In Forked Over Consumption, the silverware leaps from the drawer, pulling the Housewife in headfirst. In Backed and Racked, she carries the heavy burden of cooking and baking tools – frying and saucepans, colanders and muffin tins. They cling to her back like a cape, pinning her down. In my favorite, The Levitating Rooms of Vacuum, the Housewife sits on the floor wrapped in extension cords like a straightjacket, the vacuum suspended above her. “Who’s pushing whom?” Kite asks us.

She admits, “there are some things about the work that are in fact in our culture that just happen to be suburbia, domestic tools, the wife or stay-at-home mom, but it was very personal to me. There was no shouting back or telling someone how it was.” She continues, “This is not a critique. This is about relationship. The rules of relationship. How we treat each other and how that defines us. How we relate to relationship.”

Those who have felt completely alone in a crowded room will empathize with the Housewife. Her plight is well known. It is less about gender roles than it is about getting lost in the life you are supposed to love, waking up and wondering how you got there. Wasn’t this the plan? How is it possible that I was wrong all along? Why aren’t I finally satisfied with myself?

Kite’s hindsight is wiser. “How do we know it’s a failure? How do we know that our failure gauges our worth? What makes something right or wrong? There has to be room for the element of failure. Success is built on a series of failures. We seem to despise or shun the failures, but that’s the gold. When I grasp that concept, I can look back and not be resentful.”

 

The Problem that Has No Name

In my earnest study of Kite’s work, I rummage through unpacked boxes to find my heavily underlined copy of The Feminine Mystique from a women’s studies seminar I took in college. Of my many annotations, I find “housewife as political agent,” “lack of self–>self absorbed into family,” and “Mary Tyler Moore dyes hair blond=turmoil,” and “Functionalism!?!?” underlined three times. The moment of these discoveries is made comical by single words asked as questions: rebellion? childlike? regret? Identity?

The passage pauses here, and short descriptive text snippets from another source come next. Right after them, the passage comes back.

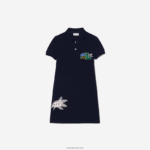 Lacoste שמלת פולו מכותנה אורגנית לחג DZ4D0D3268 כחול כהה 166 בנות - Image 5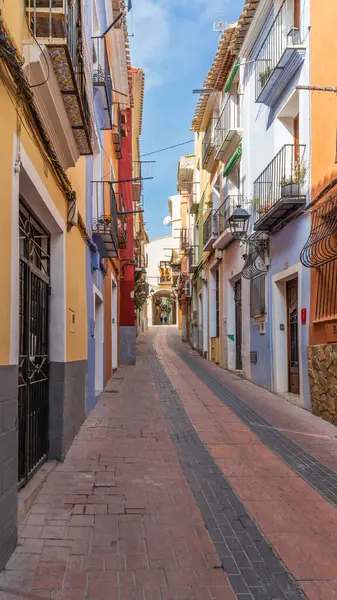 Villajoyosa, Alicante, 16 Şubat 2025. İspanya, Alicante, Villajoyosa kasabasının renkli evleri, sokakları ve meydanları. Yüksek kalite fotoğraf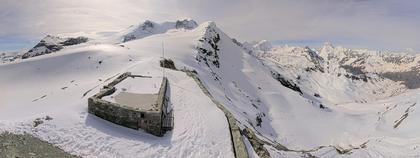 Anniviers › Süd-Ost: Cabane de Tracuit CAS - Turtmann Glacier - Bishorn - Tracuit - Weisshorn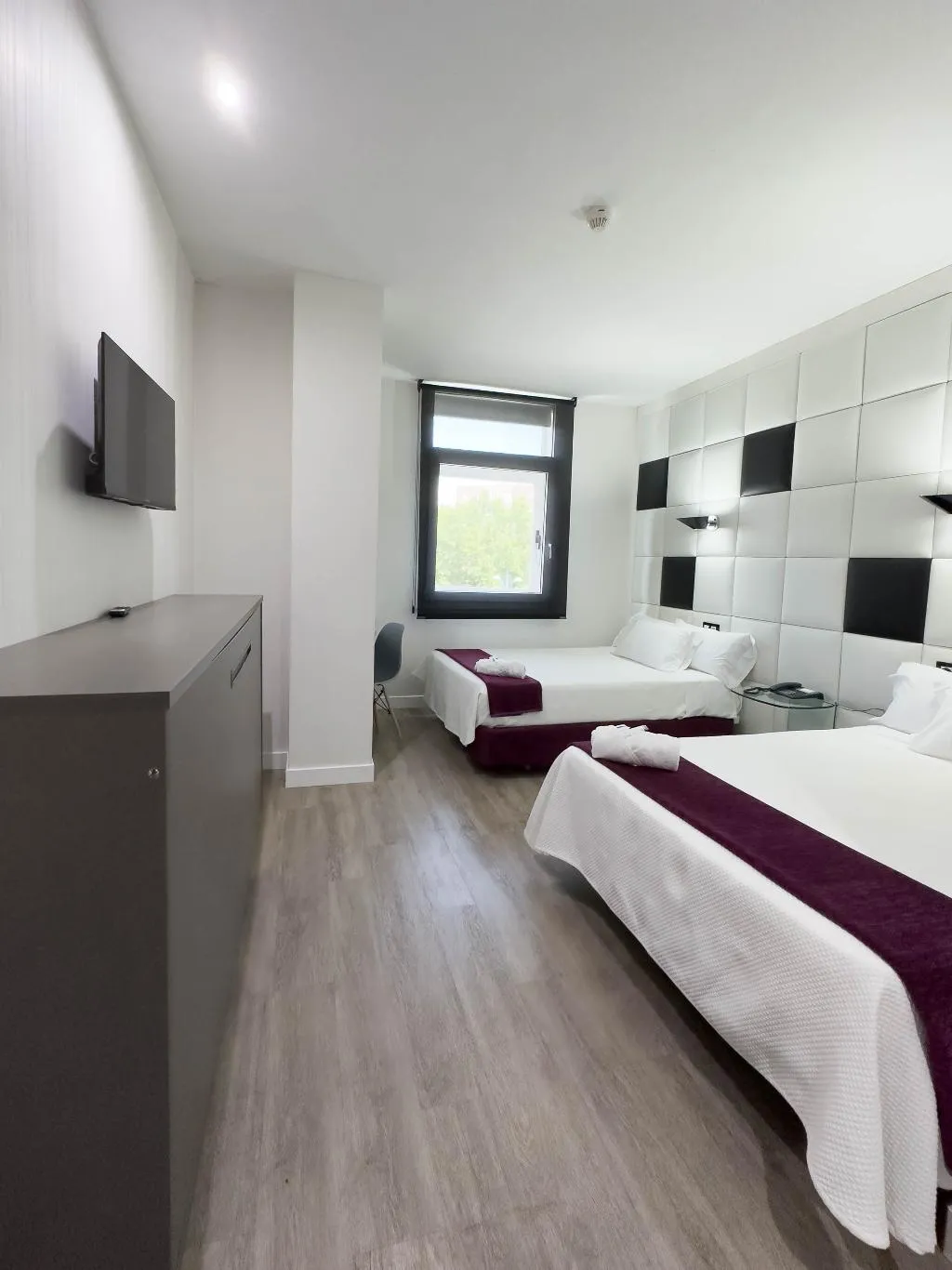 DOUBLE STANDARD Room, Avenida de España, Madrid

If only things were that simple, that clear. Patriarchy aside, the loneliness persists, ancient and pressing.

 

A Melodramatic Moment

Object X is a one-room house installation and short film. The house is painted black, more like the shadow of the house than the house itself. The interior is the blank white of the subconscious, big enough for a single viewer to sit in a white chair. The black and white film begins to play; it is a visual narrative of the X Housewife Portraits. Kite compiled close-up shots of the objects in her home–the second hand of the clock, the whirring fan, the leaky faucet. Kite’s voice addresses the viewer: “Think of yourself in a room. Think of the objects that are found there. What did you see? How did you feel? What did you perceive as real? When have you felt overlooked? Now, what do you look like in the room?”

A man comes out the Object X house. His eyes are wet. He shakes his head as if confused. “I think I understand how that felt.”

“It’s not a critique,” Kite says. “This is about relationship.”

 

 

 

Kit Kite’s “Object X” and “X Install Portraits” are included in the group exhibition Paper, Thread, and Trash now on view at Nashville Public Library Art Gallery in Nashville, TN until March 29, 2015.